Inspired by BSNL's *upto* business they too have started giving upto _ kpbs in ALL their plans. It used to be dedicated earlier. But it's not bad. For example, in my 384 kpbs line I get 40-42 kpbs in peak hours, and 45 and sometimes more off peak hours.



preshit.net said:


> Now, my queries are as follows:
> 3: How are the downtimes like ?


It has never crossed 24 hours in a year, usually below 12.



preshit.net said:


> Now, my queries are as follows:
> 
> 4: Any dialers or OS specific apps required ?


NO



preshit.net said:


> Now, my queries are as follows:
> 
> 5: What modem is provided ? Does it work with the D-Link DSL-502T ?


If that Dlink modem you mentioned is an ADSL mdem it will work. They provide beetel modem. Ask for a LAN modem if you want to use Linux. It will work with both WIndows and Linux. I bought a Zyxel router from them three years back, it's good. Now I think they retail that for Rs. 1500.



preshit.net said:


> Now, my queries are as follows:
> 
> 6: Any disadvantages as such ?


No none in particular


----------



## krazzy (Jun 22, 2008)

Is having an Airtel landline phone necessary to get Airtel net connection?


----------



## preshit.net (Jun 22, 2008)

The Airtel connection, same as MTNL/BSNL is a ADSL2+ connection. 

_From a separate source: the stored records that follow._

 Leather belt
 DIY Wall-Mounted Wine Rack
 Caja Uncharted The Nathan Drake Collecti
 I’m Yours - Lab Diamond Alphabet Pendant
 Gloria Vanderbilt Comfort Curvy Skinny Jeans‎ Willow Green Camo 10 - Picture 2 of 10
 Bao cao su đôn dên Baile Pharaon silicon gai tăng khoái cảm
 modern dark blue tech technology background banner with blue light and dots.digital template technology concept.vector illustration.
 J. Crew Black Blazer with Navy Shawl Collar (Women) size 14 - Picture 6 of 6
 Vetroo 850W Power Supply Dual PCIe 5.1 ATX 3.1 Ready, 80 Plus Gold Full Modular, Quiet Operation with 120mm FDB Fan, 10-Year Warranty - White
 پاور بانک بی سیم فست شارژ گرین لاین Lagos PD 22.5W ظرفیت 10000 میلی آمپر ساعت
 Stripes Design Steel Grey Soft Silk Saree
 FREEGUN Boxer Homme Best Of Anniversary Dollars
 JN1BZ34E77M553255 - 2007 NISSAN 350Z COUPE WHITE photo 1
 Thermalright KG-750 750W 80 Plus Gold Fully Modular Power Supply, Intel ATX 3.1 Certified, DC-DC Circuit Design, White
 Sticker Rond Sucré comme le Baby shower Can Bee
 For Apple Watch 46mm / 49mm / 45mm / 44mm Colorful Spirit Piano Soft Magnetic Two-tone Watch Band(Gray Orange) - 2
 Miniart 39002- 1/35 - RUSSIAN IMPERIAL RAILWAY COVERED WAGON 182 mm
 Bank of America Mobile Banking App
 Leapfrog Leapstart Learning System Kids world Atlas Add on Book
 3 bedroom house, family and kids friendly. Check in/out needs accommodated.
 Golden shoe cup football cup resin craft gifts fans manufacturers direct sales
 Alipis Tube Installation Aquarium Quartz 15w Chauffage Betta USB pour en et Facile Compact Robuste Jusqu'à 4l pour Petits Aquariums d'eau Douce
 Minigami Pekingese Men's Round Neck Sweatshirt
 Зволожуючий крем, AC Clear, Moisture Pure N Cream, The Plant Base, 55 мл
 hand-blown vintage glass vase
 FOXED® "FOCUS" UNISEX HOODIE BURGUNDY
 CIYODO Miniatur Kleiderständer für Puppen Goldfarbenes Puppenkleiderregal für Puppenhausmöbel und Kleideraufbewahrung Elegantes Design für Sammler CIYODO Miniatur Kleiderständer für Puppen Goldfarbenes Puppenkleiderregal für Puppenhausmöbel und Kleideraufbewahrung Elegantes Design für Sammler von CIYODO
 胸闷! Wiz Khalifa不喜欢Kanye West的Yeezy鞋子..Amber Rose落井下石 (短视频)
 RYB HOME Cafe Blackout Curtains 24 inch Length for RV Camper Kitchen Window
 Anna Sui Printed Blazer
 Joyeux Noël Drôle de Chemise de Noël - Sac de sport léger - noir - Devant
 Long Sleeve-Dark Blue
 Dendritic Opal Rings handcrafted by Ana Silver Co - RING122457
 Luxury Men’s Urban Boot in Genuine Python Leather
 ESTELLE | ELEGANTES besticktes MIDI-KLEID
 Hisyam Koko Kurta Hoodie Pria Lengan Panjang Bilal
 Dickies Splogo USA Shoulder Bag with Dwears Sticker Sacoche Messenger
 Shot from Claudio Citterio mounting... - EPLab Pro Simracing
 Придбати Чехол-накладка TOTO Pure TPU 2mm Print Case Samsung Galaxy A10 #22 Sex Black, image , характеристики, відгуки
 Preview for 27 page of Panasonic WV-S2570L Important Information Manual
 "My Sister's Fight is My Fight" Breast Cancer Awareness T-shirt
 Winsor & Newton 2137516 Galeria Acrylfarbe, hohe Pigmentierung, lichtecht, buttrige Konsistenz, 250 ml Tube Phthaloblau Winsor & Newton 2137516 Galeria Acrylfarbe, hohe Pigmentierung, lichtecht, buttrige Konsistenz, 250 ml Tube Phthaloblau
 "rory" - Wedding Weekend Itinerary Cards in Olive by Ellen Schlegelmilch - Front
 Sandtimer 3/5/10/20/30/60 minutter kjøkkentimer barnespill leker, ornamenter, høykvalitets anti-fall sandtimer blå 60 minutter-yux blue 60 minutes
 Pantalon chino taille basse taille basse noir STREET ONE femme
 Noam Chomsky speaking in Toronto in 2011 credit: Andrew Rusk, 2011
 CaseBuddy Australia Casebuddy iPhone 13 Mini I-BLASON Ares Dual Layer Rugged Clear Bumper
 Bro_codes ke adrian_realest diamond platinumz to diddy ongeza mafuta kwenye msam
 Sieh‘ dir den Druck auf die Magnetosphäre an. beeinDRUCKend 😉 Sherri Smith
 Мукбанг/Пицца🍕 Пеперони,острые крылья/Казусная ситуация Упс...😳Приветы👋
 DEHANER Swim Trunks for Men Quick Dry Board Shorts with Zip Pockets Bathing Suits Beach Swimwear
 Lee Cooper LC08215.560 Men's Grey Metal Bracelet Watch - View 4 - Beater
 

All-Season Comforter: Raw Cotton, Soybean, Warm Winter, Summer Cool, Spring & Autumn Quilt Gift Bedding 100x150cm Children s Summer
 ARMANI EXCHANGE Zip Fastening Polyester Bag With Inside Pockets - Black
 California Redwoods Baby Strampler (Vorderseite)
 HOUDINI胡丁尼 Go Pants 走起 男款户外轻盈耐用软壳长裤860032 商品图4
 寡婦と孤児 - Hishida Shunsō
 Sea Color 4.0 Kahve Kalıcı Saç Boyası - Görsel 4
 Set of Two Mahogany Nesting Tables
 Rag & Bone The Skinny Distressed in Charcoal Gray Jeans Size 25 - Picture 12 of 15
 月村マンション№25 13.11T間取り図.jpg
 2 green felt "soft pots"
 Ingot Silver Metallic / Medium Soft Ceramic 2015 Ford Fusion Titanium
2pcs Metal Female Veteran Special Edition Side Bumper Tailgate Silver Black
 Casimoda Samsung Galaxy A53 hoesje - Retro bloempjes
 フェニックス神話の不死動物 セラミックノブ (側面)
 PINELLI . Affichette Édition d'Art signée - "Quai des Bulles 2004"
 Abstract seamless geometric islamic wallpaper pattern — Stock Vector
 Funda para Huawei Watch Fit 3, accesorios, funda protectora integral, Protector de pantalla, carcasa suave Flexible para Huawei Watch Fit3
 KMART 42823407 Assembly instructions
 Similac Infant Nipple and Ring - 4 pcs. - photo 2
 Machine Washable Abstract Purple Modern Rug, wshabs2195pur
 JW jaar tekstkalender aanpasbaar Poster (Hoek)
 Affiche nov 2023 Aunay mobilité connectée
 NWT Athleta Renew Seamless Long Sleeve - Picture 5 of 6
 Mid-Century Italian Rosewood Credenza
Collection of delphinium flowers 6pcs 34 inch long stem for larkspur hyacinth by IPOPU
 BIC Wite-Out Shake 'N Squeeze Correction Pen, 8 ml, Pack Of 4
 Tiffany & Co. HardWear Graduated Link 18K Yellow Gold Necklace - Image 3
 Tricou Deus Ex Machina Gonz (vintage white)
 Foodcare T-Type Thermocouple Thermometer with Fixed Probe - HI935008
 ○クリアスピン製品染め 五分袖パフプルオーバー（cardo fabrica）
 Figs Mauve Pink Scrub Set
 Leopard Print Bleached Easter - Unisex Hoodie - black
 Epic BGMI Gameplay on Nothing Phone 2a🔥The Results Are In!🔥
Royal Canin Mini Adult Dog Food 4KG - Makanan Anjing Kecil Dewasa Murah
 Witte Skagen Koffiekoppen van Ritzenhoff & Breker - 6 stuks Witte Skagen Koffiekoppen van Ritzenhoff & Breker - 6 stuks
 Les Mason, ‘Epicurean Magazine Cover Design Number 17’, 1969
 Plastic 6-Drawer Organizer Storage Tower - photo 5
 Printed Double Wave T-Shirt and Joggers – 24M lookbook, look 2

You need to have physical telephone line to your house from their DP box. Now, if you don't intend to use the connection for making calls, just choose thier "internet only" plans and do not connect a physical telephone instrument to the line.


----------



## krazzy (Jun 22, 2008)

Oh. OK. Thanks. I didn't know Airtel broadband was available in Mumbai too.


----------



## preshit.net (Jun 22, 2008)

It's been available since 2006


----------